Bevat een begripsomschrijving om zo duidelijk mogelijk af te bakenen in welke gevallen de rioolrechtverordening van toepassing is. Daarmee wordt voorkomen dat bijvoorbeeld discussie ontstaat over de vraag of er sprake is van een bedrijf aan huis.

 

Artikel 2

Geeft een omschrijving van het belastbaar feit en de belastingplichtige en vormt daarmee de basis van het heffen van rioolrecht.

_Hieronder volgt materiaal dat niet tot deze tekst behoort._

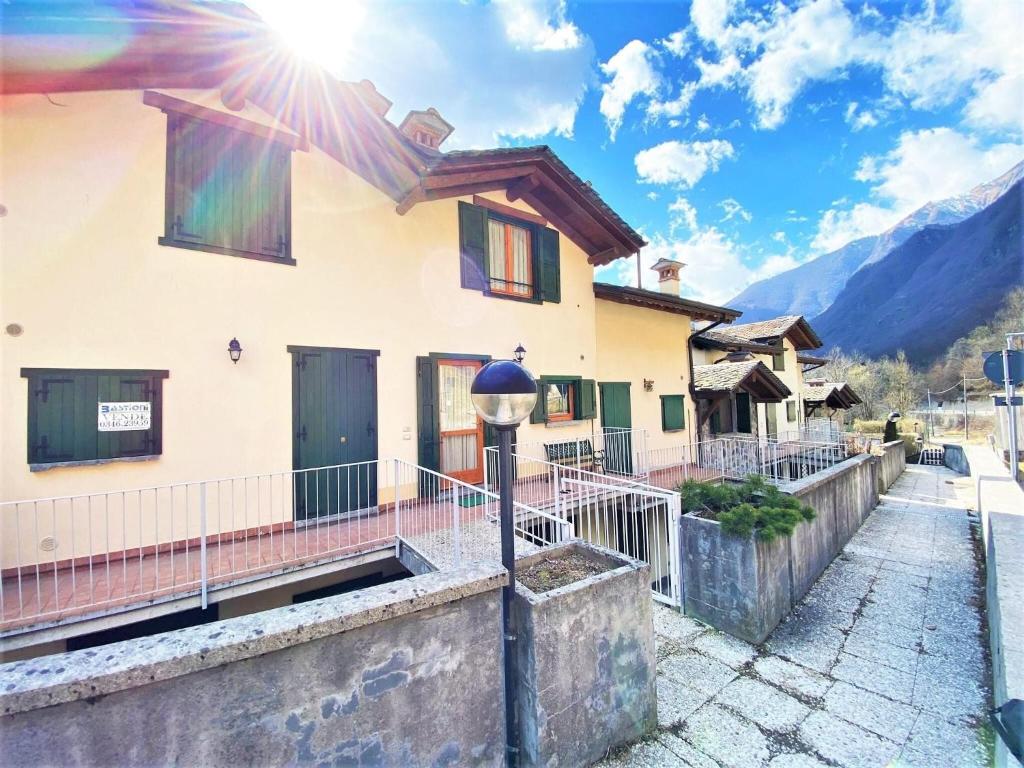 a house in the mountains with the sun shining at Lovely holiday home in Valbondione with balcony in Valbondione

Lid 2 geeft daarbij een zodanige definitie van de gebruiker, dat bijvoorbeeld een onderhuurder niet apart als belastingplichtige wordt aangemerkt.

 

Artikel 3

Omdat het ook mogelijk is dat een eigendom is opgedeeld in zelfstandige gedeelten, bijvoorbeeld aparte kantoren of appartementen wordt in dit artikel aangegeven dat per zelfstandig gedeelte rioolrecht wordt geheven.

 

Artikel 4

In dit artikel wordt aangegeven dat ais heffingsmaatstaf geldt, een vast bedrag per heffingseenheid. Hoeveel keer een belastingplichtige dit basistarief verschuldigd is, staat in lid 2.

 

Artikel 5

In dit artikel wordt de hoogte vastgelegd van het bedrag van de heffingseenheid en zal per belastingjaar aan de hand van het Kostendekkingsplan moeten worden vastgesteld.

 

Artikel 6

Geeft aan dat het belastingjaar gelijk is aan het kalenderjaar.

 

Artikel 7

Ingevolge artikel 233 van de Gemeentewet kunnen gemeentelijke belastingen worden geheven bij wege van aanslag, bij wege van voldoening op aangifte of op andere wijze. Op grond van dit artikel zal het rioolrecht in principe worden geheven bij wege van aanslag.

 

Artikel 8

Omdat het rioolrecht is verschuldigd voor het profijt dat de gebruiker van de riolering heeft, is iemand die bijvoorbeeld halverwege het belastingjaar verhuist naar een andere gemeente slechts voor een half jaar rioolrecht verschuldigd. Artikel 8 geeft hiervoor een regeling. Het is overigens niet mogelijk dat een belastingplichtige die bijvoorbeeld wegens vakantie een paar weken geen gebruik heeft gemaakt van de riolering, zich op dit artikel beroept om een deel van het rioolrecht niet te betalen. De belastingplichtige is immers de gebruiker die in de positie verkeert om van het eigendom gebruik te maken.

 

De overige artikelen zijn van organisatorische en administratieve aard en behoeven daarom in het kader van de heffing van rioolrecht geen nadere toelichting.